● **What to produce**
Exact copies of the lines below are the goal; any images in them are dropped.

● **Data extract**
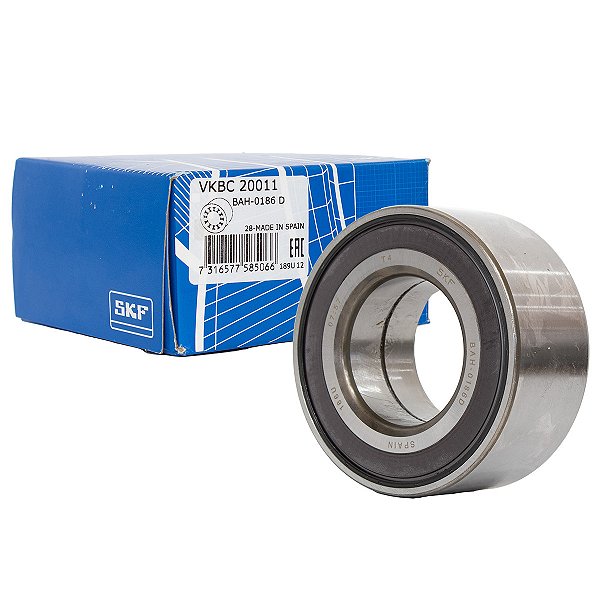 Rolamento Roda Diant VKBC20011 Original Bosch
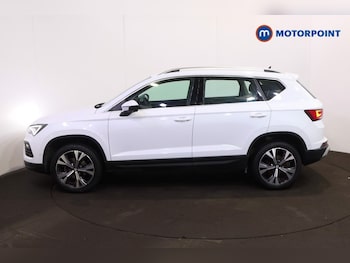Used SEAT Ateca 2020 for sale - 76568981: Photo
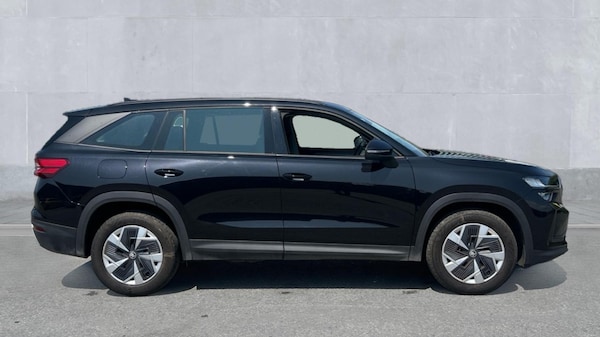 Used Skoda Kodiaq 2025 for sale - 75471854: Photo 4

● **Task solution**
 Rolamento Roda Diant VKBC20011 Original Bosch
Used SEAT Ateca 2020 for sale - 76568981: Photo
 Used Skoda Kodiaq 2025 for sale - 75471854: Photo 4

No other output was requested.